2. Before breading, remove chicken from refrigerator and let sit at room temperature for 20–30 minutes. Shake off excess buttermilk but do not wipe completely dry; a thin coating helps the breading adhere.
Breading
3. In a large shallow rimmed dish or bowl, whisk together flour, cornstarch, 1 tsp salt, 1 tsp black pepper, 1 tsp granulated garlic, 1 tsp onion powder, 1 tsp smoked paprika and 0.5 tsp baking powder until evenly combined.
4. Working one piece at a time, dredge each marinated chicken piece into the flour mixture, pressing firmly so the coating adheres. Shake off excess and set the breaded pieces on a wire rack. For extra-crispy double-coating (optional): dip the breaded piece back briefly into the leftover buttermilk, then re-coat in the flour mixture and return to the rack.
5. Let the breaded chicken rest on the rack for 15–20 minutes to allow the coating to set; this reduces loss of breading when frying.
Frying
6. Pour oil into a large heavy-bottomed skillet or Dutch oven to a depth of about 1.5–2 inches (roughly 3–4 cups depending on pan). Heat oil over medium-high heat to 325–350°F (160–175°C). Use a thermometer for accuracy; if you don’t have one, test with a small pinch of breading — it should sizzle and slowly brown but not burn instantly.

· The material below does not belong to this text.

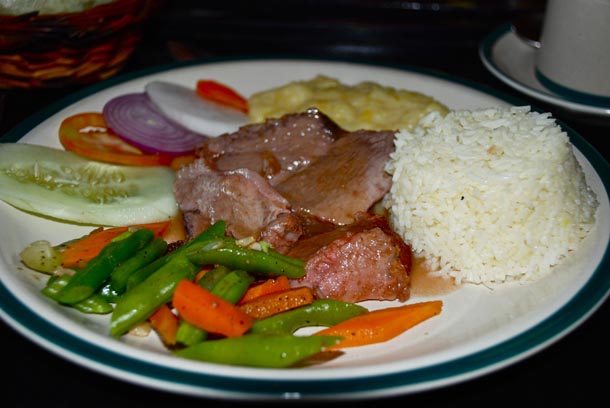 Grilled Pork, Sautéed Vegetables,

7. Fry the chicken in batches, skin-side down first if applicable, without overcrowding the pan. Maintain oil temperature: start at 325°F and as batches finish temperature should stay between 300–350°F. Cook bone-in thighs and drumsticks about 12–16 minutes per batch, turning occasionally, until coating is golden brown and internal temperature reaches 165°F (74°C). Adjust time for size.

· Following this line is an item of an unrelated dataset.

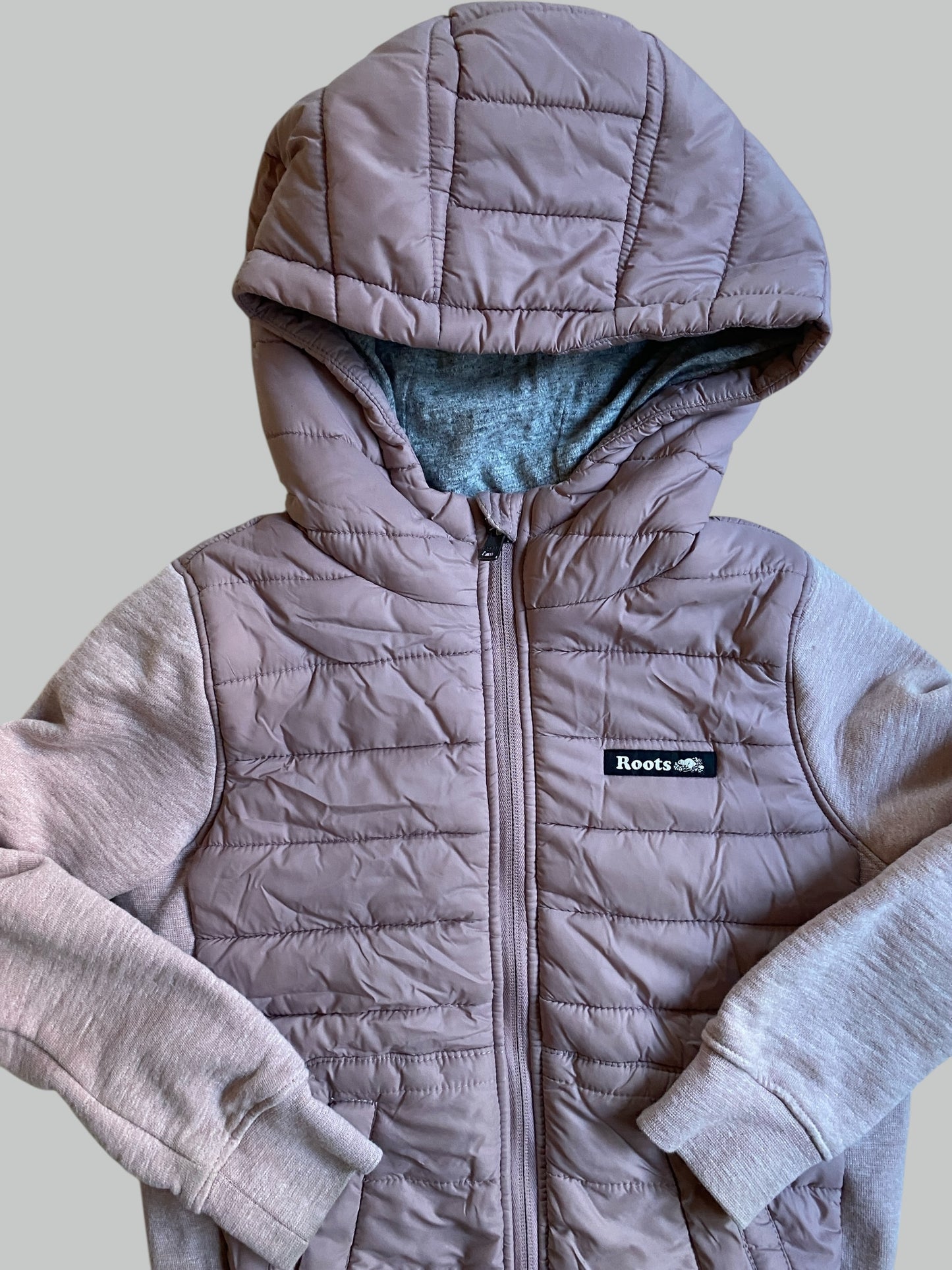 Pink cotton lined puffer sweater 7-8Y | Roots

8. Use tongs to transfer fried chicken to a wire rack set over a baking sheet to drain. Keep finished pieces in a low oven (200°F/95°C) if needed while you finish remaining batches so they stay warm and crisp.
Glaze
9. While the chicken finishes frying, make the orange honey glaze. In a small saucepan over medium heat combine 1 cup fresh orange juice, 1 tbsp soy sauce, 1 tbsp rice vinegar, 1 tbsp orange zest, 3/4 cup honey, 1 tsp grated fresh ginger, 1 tsp minced garlic and 1/4 tsp red pepper flakes. Stir to combine and bring the mixture to a gentle simmer.
10. Let the mixture simmer gently for 6–8 minutes to concentrate flavors. Taste and adjust sweetness or acidity: add another 1 tsp vinegar if too sweet or a pinch more salt if needed.
11. Thicken Glaze
In a small bowl, mix 1 tsp cornstarch with 1 tbsp cold water to make a slurry. Whisk the slurry into the simmering glaze and cook for 1–2 minutes until the mixture thickens slightly and becomes glossy. Remove from heat. The glaze will thicken more as it cools; you want it to be pourable but cling to the chicken.
Glaze Application & Serve
12. Place a few pieces of hot fried chicken in a large bowl or on a platter. Spoon the warm orange honey glaze evenly over the chicken, tossing gently with tongs to coat each piece. Work in small batches so the glaze evenly covers the surface without making the breading soggy.
13. Alternatively, for a stickier finish, brush the glaze onto the chicken with a pastry brush and return pieces to the warmed oven (200°F/95°C) for 3–4 minutes to set the glaze (do not overheat or the glaze may thin out).
14. Transfer glazed chicken to a serving platter. Garnish with orange slices and chopped parsley or cilantro. Serve immediately while hot and crispy.